### ACTION ITEM
Return, word for word, only the lines of the data below that lie between the line with "white and black mini multi tool in pouch" and the line with "Birkmann EASY BAKING", those two lines included.

____ DATA FOR THE TASK

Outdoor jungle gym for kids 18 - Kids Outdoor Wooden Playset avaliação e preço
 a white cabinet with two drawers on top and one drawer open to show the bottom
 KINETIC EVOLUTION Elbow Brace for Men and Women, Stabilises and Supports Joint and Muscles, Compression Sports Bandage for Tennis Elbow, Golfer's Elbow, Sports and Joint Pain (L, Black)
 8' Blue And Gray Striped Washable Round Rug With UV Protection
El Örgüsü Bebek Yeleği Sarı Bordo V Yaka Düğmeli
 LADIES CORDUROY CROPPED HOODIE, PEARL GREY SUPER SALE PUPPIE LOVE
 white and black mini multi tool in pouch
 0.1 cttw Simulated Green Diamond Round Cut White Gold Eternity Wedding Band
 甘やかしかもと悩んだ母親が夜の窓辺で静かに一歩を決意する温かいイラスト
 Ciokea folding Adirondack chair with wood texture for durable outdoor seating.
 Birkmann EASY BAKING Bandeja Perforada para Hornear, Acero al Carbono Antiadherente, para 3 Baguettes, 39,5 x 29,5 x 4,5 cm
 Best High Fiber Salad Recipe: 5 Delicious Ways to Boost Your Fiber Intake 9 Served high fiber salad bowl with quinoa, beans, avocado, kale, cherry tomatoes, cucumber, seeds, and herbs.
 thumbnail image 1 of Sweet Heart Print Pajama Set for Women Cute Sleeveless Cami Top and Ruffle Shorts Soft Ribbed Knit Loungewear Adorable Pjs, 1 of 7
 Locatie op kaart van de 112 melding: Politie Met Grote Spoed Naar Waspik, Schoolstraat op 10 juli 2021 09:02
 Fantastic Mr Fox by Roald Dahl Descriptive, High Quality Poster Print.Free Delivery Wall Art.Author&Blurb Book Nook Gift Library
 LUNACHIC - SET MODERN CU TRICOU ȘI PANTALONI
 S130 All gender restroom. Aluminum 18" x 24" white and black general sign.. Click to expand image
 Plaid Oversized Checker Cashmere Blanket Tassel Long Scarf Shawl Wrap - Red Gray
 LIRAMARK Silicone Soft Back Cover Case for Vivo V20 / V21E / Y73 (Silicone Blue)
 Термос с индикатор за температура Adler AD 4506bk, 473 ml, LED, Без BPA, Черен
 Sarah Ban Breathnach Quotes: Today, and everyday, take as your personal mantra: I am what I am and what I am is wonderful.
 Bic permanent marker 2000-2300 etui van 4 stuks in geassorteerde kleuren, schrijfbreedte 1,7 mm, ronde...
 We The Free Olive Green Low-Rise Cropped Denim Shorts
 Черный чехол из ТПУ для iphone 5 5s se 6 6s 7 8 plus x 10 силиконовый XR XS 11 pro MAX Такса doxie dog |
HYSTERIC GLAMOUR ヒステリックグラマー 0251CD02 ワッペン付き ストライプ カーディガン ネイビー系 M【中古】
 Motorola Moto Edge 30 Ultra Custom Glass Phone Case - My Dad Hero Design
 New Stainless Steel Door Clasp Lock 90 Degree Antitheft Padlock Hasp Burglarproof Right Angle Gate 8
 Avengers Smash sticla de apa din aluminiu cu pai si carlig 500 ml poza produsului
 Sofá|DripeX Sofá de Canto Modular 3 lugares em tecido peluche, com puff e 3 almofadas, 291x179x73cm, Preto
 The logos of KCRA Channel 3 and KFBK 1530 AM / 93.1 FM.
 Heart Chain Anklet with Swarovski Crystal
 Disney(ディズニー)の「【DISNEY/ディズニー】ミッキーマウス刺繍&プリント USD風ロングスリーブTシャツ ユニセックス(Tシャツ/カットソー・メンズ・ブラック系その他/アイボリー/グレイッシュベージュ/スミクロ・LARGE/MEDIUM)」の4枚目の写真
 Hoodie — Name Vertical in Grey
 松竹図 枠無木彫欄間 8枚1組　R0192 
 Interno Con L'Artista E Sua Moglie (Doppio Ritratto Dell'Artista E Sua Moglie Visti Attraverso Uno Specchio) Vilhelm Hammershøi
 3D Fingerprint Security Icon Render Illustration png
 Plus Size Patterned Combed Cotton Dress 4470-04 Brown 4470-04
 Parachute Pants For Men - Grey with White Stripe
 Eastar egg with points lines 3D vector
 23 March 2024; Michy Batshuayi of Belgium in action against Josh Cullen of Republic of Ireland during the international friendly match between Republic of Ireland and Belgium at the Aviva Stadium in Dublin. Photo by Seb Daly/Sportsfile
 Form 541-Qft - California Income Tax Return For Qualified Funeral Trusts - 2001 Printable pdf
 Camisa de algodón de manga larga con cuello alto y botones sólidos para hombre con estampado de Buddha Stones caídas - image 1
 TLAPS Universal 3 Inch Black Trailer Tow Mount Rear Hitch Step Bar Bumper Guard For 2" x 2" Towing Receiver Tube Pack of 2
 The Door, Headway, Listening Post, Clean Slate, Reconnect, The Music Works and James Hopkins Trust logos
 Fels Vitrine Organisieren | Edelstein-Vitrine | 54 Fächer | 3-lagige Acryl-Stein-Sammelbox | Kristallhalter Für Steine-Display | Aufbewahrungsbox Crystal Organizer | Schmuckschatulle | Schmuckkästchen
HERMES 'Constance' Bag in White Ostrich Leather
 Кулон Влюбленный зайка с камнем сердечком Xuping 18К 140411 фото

________

### REPLY TO THE EXERCISE
 white and black mini multi tool in pouch
 0.1 cttw Simulated Green Diamond Round Cut White Gold Eternity Wedding Band
 甘やかしかもと悩んだ母親が夜の窓辺で静かに一歩を決意する温かいイラスト
 Ciokea folding Adirondack chair with wood texture for durable outdoor seating.
 Birkmann EASY BAKING Bandeja Perforada para Hornear, Acero al Carbono Antiadherente, para 3 Baguettes, 39,5 x 29,5 x 4,5 cm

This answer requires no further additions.